##### DATA PROVIDED
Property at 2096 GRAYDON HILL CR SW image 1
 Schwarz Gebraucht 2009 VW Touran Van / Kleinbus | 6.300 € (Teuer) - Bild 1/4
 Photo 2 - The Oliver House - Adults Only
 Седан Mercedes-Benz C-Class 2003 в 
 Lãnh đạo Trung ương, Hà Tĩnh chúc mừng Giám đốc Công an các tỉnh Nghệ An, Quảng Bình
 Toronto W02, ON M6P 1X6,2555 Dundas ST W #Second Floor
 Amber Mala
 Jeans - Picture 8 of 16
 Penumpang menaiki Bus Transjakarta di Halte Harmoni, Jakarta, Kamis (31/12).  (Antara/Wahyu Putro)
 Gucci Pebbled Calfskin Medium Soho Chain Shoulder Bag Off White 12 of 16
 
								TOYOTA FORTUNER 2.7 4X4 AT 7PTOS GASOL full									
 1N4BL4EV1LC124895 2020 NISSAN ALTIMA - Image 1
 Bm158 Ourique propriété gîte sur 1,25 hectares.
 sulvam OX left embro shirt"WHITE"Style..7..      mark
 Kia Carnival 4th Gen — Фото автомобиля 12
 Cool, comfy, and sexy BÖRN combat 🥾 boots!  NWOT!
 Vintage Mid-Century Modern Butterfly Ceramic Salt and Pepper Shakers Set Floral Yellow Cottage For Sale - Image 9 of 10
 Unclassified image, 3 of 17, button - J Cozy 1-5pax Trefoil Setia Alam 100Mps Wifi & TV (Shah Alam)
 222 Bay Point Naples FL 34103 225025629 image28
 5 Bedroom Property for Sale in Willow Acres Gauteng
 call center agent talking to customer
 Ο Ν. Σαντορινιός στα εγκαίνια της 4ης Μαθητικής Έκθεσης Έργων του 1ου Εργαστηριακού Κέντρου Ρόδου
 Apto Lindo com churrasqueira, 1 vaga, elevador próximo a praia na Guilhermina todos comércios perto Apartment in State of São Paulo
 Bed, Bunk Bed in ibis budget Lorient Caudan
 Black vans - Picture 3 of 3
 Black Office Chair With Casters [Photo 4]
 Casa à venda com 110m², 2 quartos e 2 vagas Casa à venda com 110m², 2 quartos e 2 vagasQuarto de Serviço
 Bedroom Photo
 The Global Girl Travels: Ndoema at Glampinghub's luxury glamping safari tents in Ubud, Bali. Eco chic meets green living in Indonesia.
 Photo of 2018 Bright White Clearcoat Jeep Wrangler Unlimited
##########
Copy out, exactly and alone, the lines of the entries above between the ones holding "call center agent talking to customer" and "Bedroom Photo", inclusive.

ANSWER TO THE PROBLEM:
 call center agent talking to customer
 Ο Ν. Σαντορινιός στα εγκαίνια της 4ης Μαθητικής Έκθεσης Έργων του 1ου Εργαστηριακού Κέντρου Ρόδου
 Apto Lindo com churrasqueira, 1 vaga, elevador próximo a praia na Guilhermina todos comércios perto Apartment in State of São Paulo
 Bed, Bunk Bed in ibis budget Lorient Caudan
 Black vans - Picture 3 of 3
 Black Office Chair With Casters [Photo 4]
 Casa à venda com 110m², 2 quartos e 2 vagas Casa à venda com 110m², 2 quartos e 2 vagasQuarto de Serviço
 Bedroom Photo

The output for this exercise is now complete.